■ **What the task asks**: A verbatim copy of the full data, with no pictures, is the expected answer.

■ **Working data**:
#####

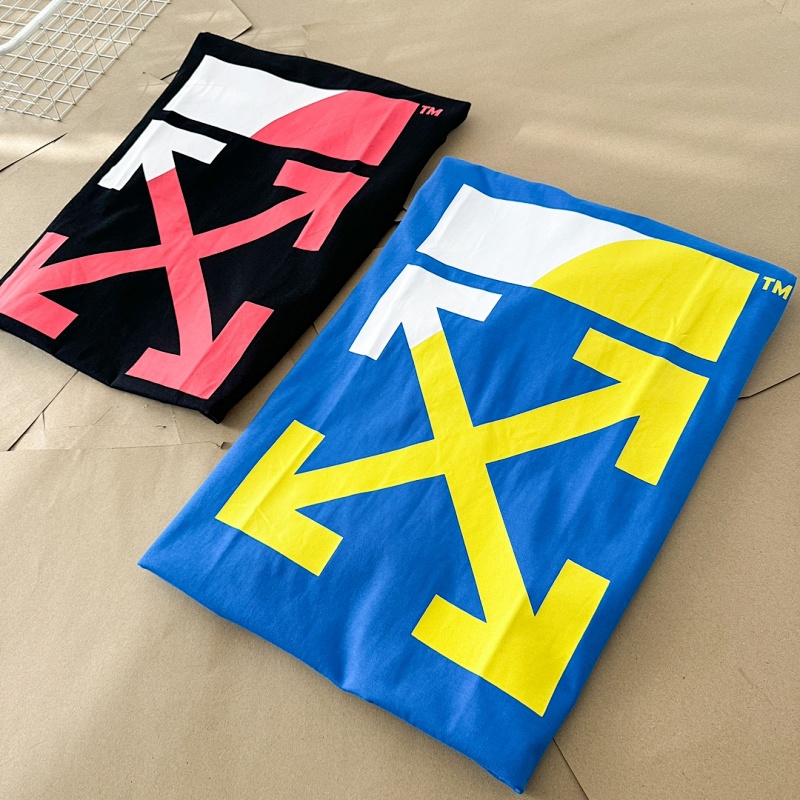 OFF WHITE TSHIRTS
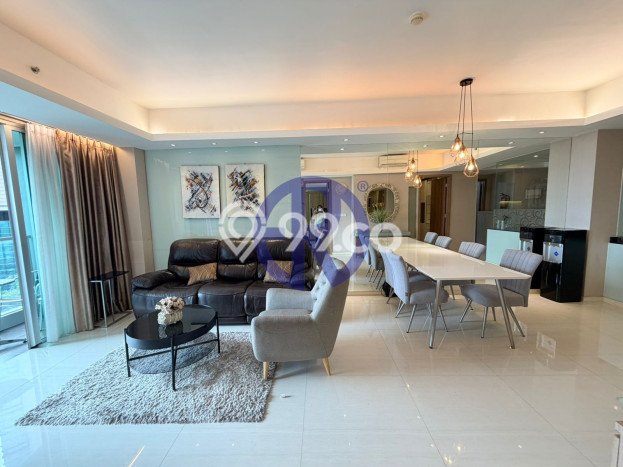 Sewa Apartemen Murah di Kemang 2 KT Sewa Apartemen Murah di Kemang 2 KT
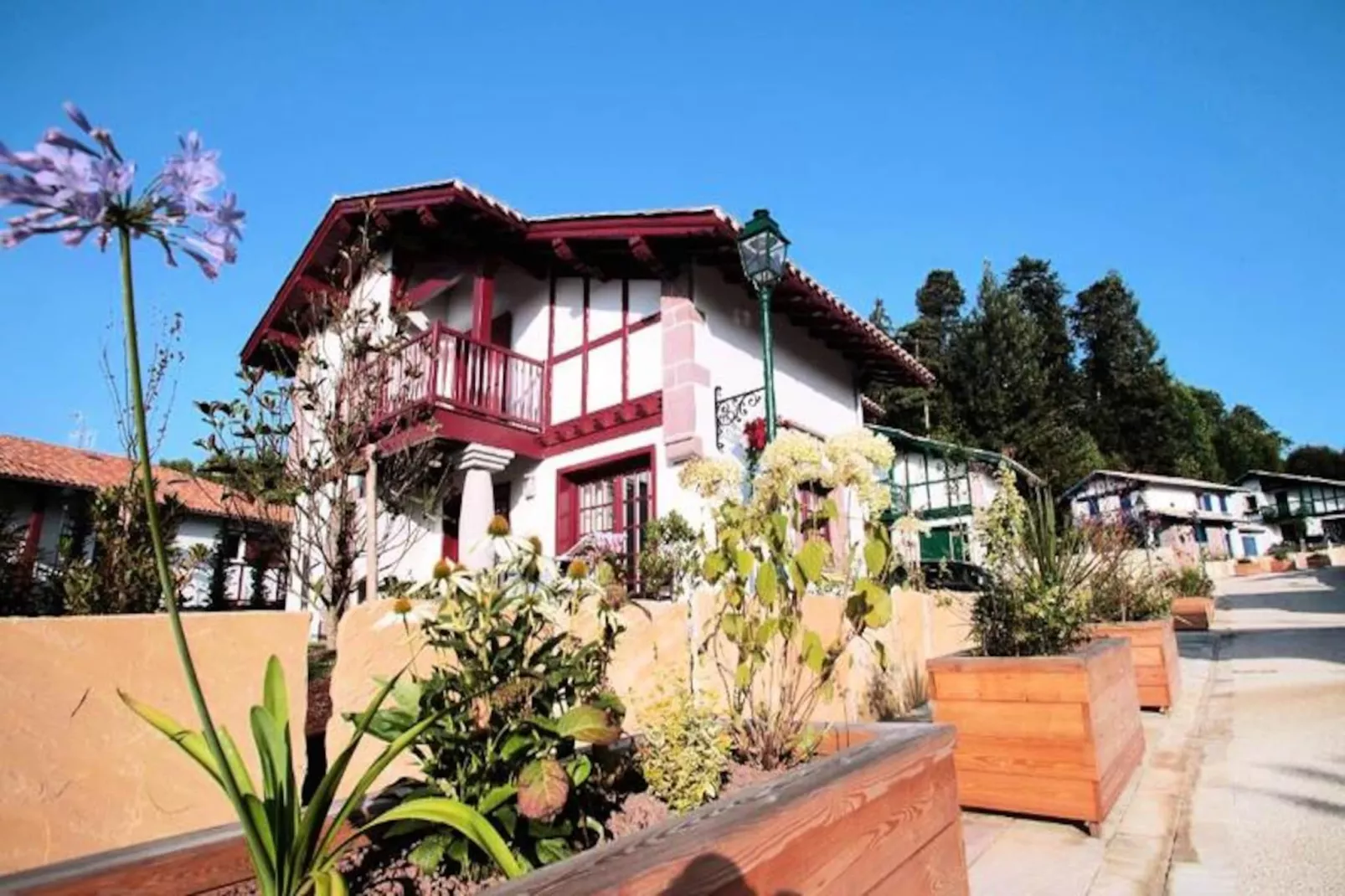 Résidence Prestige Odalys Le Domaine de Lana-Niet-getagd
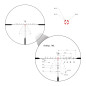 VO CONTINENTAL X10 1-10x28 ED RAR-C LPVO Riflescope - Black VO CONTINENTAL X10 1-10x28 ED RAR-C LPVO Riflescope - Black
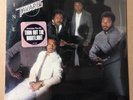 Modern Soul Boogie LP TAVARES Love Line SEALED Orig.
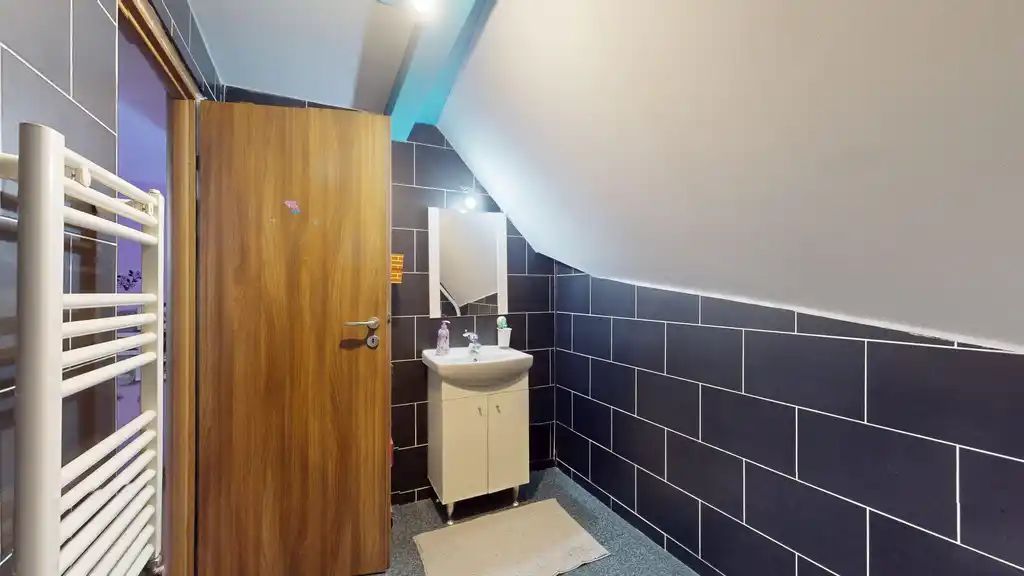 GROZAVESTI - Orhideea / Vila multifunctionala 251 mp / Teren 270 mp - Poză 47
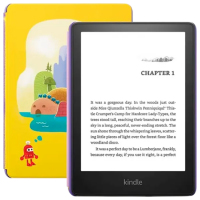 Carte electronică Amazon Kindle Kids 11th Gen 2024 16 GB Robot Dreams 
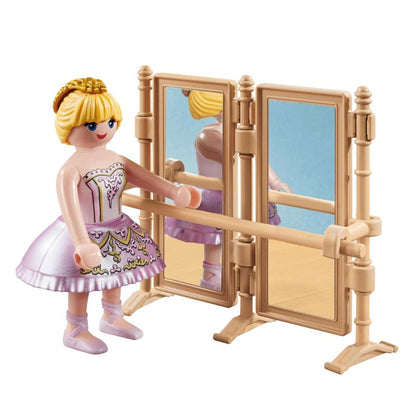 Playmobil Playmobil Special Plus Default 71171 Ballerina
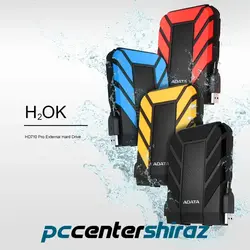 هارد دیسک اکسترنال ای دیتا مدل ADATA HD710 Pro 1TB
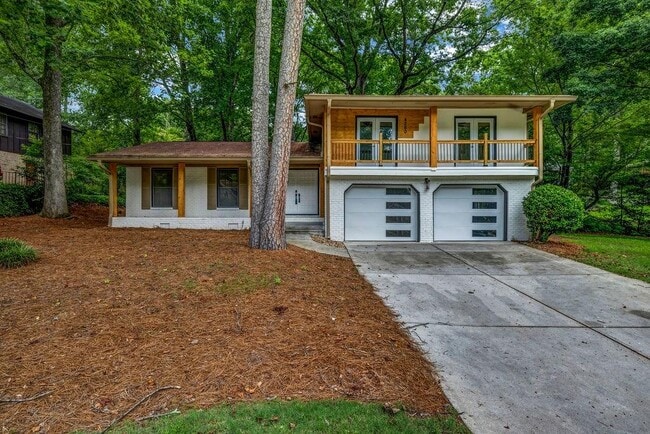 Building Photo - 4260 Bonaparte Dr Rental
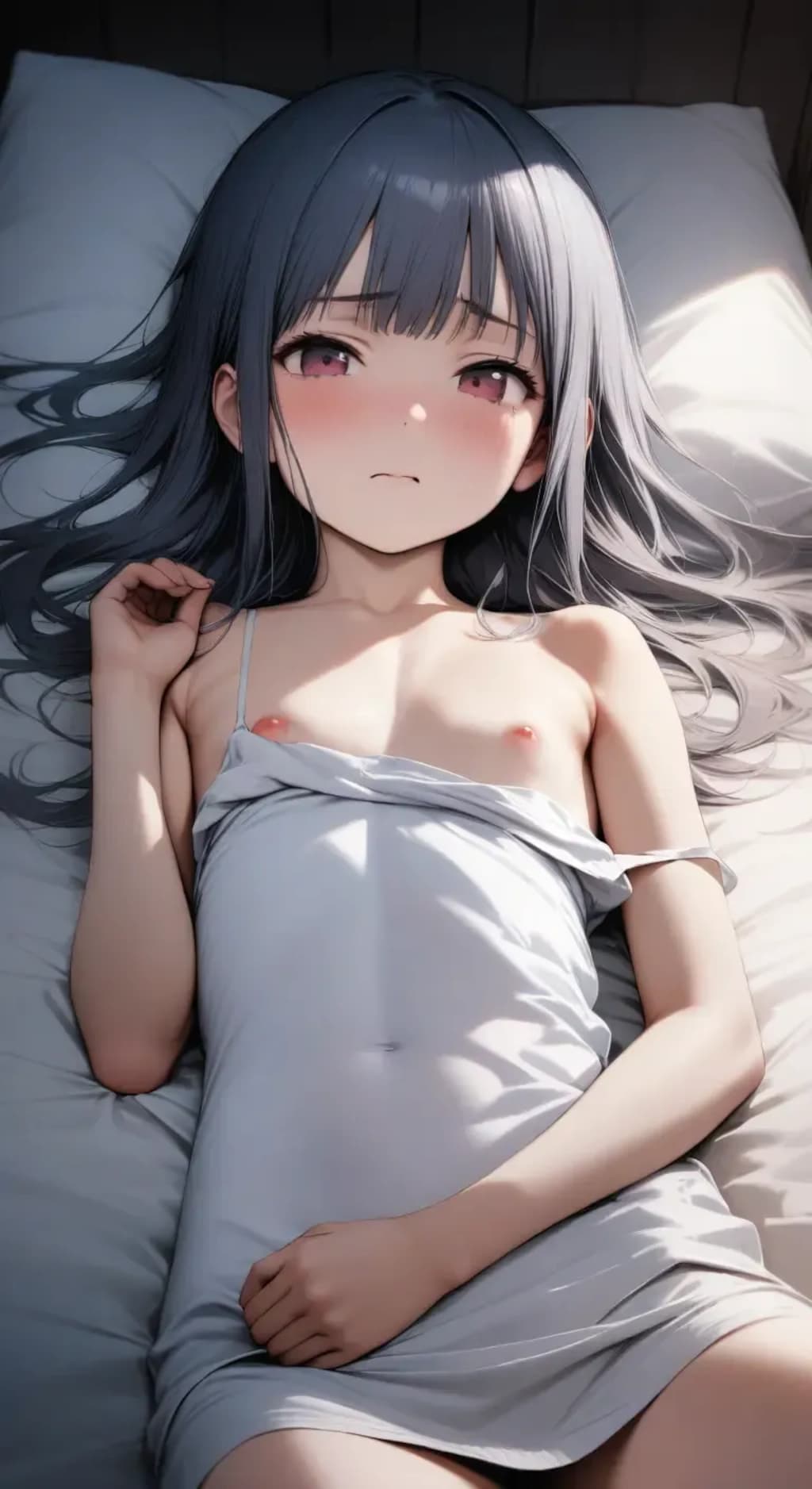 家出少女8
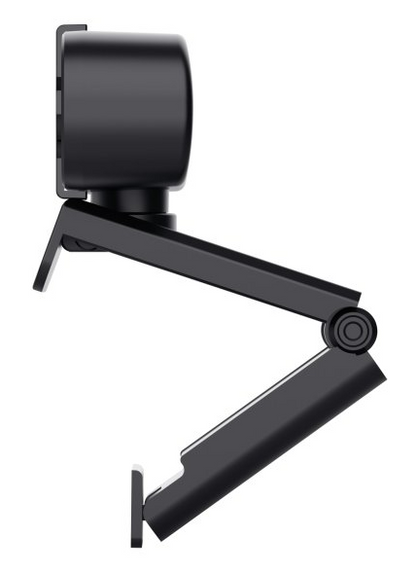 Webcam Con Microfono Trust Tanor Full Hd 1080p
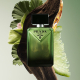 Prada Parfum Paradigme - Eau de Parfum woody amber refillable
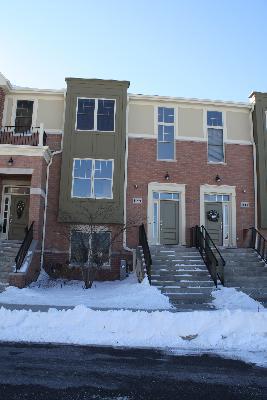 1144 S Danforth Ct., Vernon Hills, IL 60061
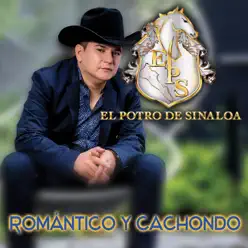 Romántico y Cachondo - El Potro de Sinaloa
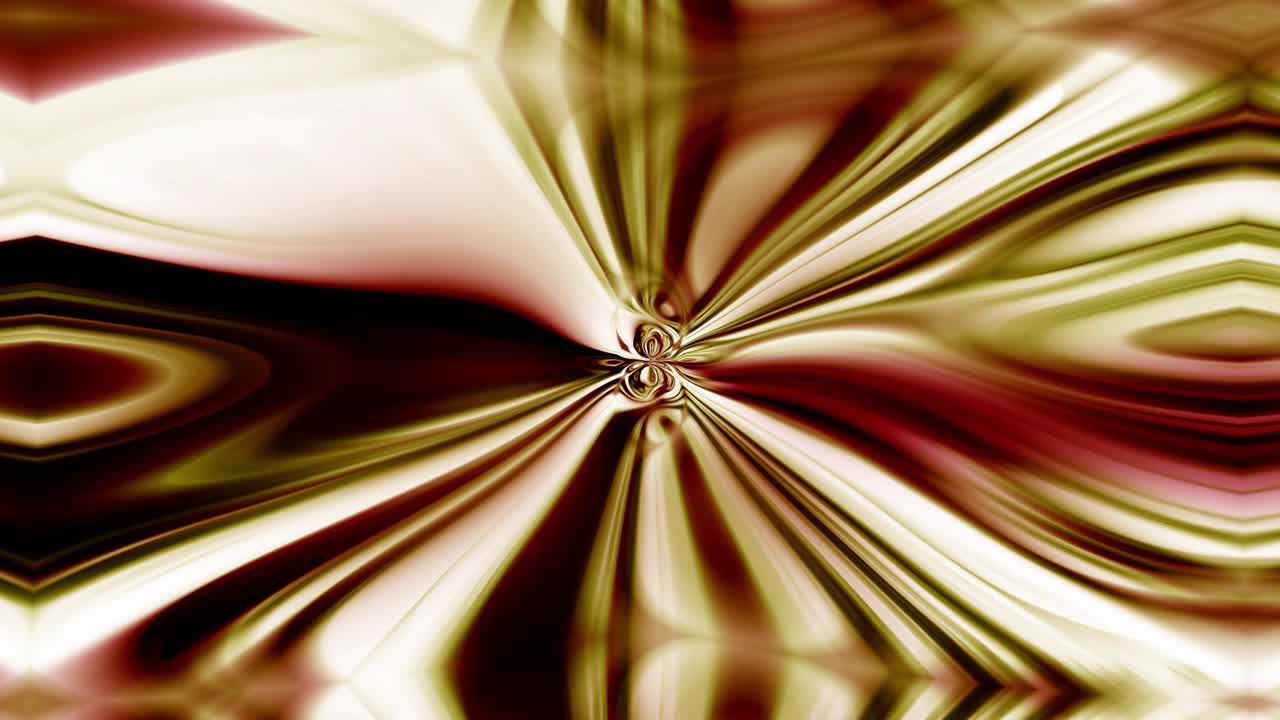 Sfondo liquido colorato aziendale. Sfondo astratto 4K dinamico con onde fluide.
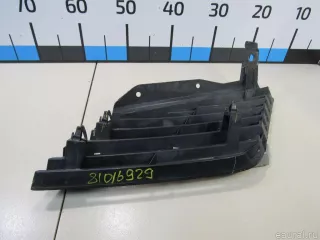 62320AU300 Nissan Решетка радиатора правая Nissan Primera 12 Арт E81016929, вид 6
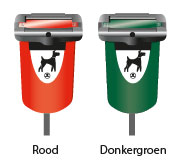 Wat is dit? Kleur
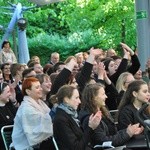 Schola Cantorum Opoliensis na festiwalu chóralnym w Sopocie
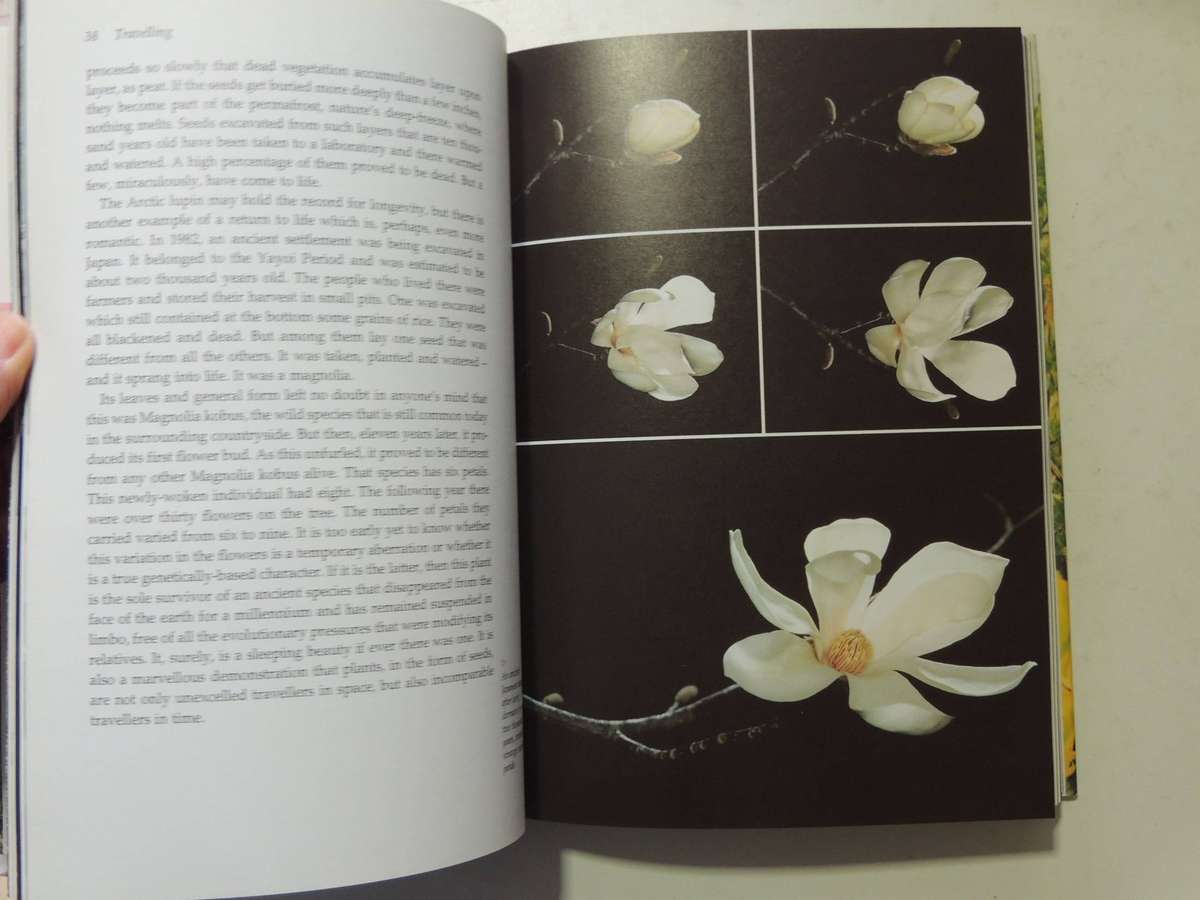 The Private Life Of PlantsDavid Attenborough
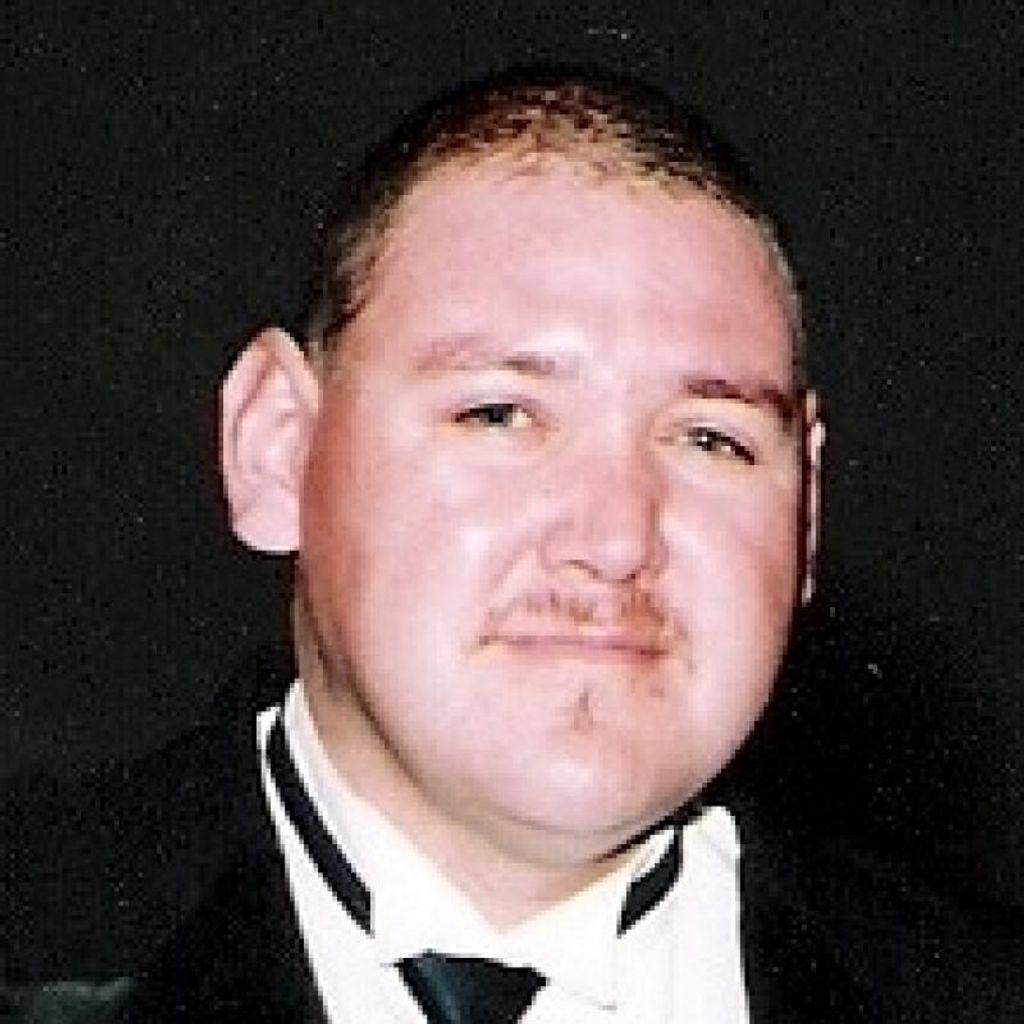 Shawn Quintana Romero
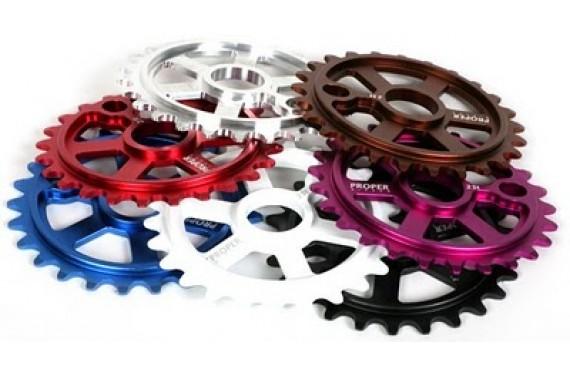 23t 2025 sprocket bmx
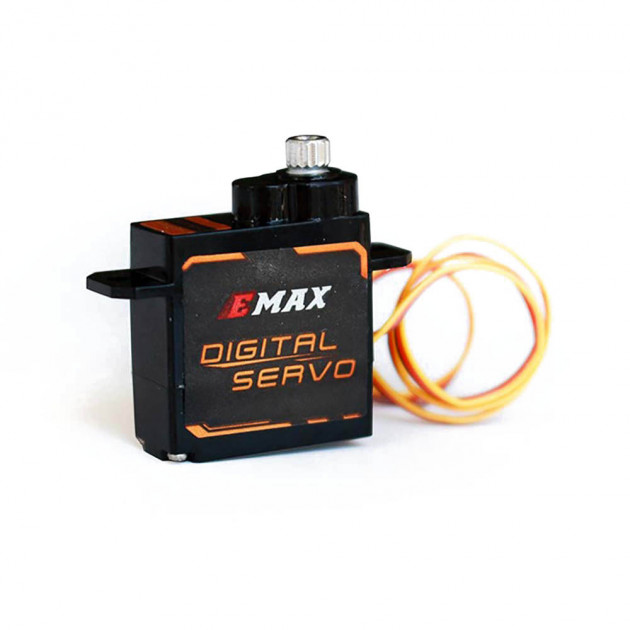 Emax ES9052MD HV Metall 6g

#####

■ **Answer for the task**:
 OFF WHITE TSHIRTS
 Sewa Apartemen Murah di Kemang 2 KT Sewa Apartemen Murah di Kemang 2 KT
 Résidence Prestige Odalys Le Domaine de Lana-Niet-getagd
 VO CONTINENTAL X10 1-10x28 ED RAR-C LPVO Riflescope - Black VO CONTINENTAL X10 1-10x28 ED RAR-C LPVO Riflescope - Black
 Modern Soul Boogie LP TAVARES Love Line SEALED Orig.
 GROZAVESTI - Orhideea / Vila multifunctionala 251 mp / Teren 270 mp - Poză 47
 Carte electronică Amazon Kindle Kids 11th Gen 2024 16 GB Robot Dreams 
 Playmobil Playmobil Special Plus Default 71171 Ballerina
 هارد دیسک اکسترنال ای دیتا مدل ADATA HD710 Pro 1TB
 Building Photo - 4260 Bonaparte Dr Rental
 家出少女8
 Webcam Con Microfono Trust Tanor Full Hd 1080p
 Prada Parfum Paradigme - Eau de Parfum woody amber refillable
 1144 S Danforth Ct., Vernon Hills, IL 60061
 Romántico y Cachondo - El Potro de Sinaloa
 Sfondo liquido colorato aziendale. Sfondo astratto 4K dinamico con onde fluide.
 62320AU300 Nissan Решетка радиатора правая Nissan Primera 12 Арт E81016929, вид 6
 Wat is dit? Kleur
 Schola Cantorum Opoliensis na festiwalu chóralnym w Sopocie
 The Private Life Of PlantsDavid Attenborough
 Shawn Quintana Romero
 23t 2025 sprocket bmx
 Emax ES9052MD HV Metall 6g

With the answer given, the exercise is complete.